Highlight(yellow) - Limitations of Quorum Consistency > Page 286 · Location 5533
With a smaller w and r you are more likely to read stale values, because it’s more likely that your read didn’t include the node with the latest value. On the upside, this configuration allows lower latency and higher availability:
Highlight(yellow) - Limitations of Quorum Consistency > Page 287 · Location 5538
However, even with w + r > n, there are likely to be edge cases where stale values are returned.
Highlight(yellow) - Limitations of Quorum Consistency > Page 287 · Location 5549
If a write succeeded on some replicas but failed on others (for example because the disks on some nodes are full), and overall succeeded on fewer than w replicas, it is not rolled back on the replicas where it succeeded.
Note - Sloppy Quorums and Hinted Handoff > Page 289 · Location 5588
My understanding in the preceding sections is that all of the nodes eventually have all of the values in a replicated, but not partitioned, cluster. You broadcast the write operation to all of the nodes, and you consider the write to be successful iff some minimum number of nodes respond. This section talks about “home nodes,” suggesting that some data lives on some of the nodes but not others.

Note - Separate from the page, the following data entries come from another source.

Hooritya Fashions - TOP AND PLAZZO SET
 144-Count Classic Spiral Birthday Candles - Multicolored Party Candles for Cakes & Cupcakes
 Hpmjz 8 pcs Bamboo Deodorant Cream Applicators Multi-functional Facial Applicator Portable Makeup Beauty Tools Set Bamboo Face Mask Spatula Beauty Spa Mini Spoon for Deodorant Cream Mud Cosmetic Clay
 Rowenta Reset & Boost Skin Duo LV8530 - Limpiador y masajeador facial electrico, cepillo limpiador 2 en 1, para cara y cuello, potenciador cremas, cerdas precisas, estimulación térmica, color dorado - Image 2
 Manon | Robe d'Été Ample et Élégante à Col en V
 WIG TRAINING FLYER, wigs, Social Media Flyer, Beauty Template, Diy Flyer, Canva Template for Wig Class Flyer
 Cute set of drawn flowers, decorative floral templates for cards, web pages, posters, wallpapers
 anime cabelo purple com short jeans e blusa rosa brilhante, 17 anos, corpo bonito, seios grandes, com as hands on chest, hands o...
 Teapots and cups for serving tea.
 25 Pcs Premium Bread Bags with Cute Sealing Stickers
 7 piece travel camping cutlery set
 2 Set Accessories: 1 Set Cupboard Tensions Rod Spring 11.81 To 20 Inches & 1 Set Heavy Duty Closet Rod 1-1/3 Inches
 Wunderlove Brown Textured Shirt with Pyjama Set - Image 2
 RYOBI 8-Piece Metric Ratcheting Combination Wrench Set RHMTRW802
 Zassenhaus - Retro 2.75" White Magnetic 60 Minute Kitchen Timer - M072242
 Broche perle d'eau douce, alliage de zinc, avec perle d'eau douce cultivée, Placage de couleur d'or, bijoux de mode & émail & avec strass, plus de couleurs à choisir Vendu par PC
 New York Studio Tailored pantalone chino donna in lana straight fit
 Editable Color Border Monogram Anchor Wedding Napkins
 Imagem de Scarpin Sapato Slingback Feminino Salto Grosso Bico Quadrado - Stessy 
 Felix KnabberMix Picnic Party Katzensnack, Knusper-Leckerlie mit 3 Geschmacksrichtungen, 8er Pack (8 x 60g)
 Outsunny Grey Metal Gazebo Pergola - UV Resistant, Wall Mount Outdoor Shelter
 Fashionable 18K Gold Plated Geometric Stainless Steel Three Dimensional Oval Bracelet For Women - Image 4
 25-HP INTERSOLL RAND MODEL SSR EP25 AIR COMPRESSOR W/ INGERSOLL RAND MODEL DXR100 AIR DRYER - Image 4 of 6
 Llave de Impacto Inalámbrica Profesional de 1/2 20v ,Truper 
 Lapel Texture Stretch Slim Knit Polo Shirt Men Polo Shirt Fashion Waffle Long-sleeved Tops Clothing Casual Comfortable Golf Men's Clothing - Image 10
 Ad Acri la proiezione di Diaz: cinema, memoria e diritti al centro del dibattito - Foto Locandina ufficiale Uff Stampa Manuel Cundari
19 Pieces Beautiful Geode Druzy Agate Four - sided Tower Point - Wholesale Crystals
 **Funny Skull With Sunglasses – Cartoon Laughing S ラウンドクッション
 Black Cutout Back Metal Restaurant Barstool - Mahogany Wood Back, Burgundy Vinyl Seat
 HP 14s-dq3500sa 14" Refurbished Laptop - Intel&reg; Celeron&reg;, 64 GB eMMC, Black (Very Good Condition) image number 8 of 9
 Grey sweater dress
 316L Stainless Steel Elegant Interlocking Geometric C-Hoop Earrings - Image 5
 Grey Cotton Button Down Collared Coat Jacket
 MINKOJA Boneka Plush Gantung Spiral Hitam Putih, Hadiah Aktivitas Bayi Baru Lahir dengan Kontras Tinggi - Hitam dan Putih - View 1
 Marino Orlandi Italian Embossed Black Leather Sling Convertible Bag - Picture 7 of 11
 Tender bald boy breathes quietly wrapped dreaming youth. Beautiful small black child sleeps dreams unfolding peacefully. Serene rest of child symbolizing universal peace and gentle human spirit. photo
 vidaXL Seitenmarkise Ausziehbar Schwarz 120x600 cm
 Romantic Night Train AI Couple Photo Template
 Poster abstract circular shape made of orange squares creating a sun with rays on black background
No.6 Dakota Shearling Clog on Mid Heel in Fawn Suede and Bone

This means you have to keep track of which nodes have which data, which automatically sounds like partitioning to me. But the chapter starts with the claim that, for its entirety, we are assuming that all data goes to all nodes. I tried to discuss this with both ChatGPT and Claude, and they both gave those garbled, self-contradictory responses that they do when the answer is itself not well understood.
Highlight(yellow) - Sloppy Quorums and Hinted Handoff > Page 289 · Location 5595
quorums (as described so far) are not as fault-tolerant as they could be.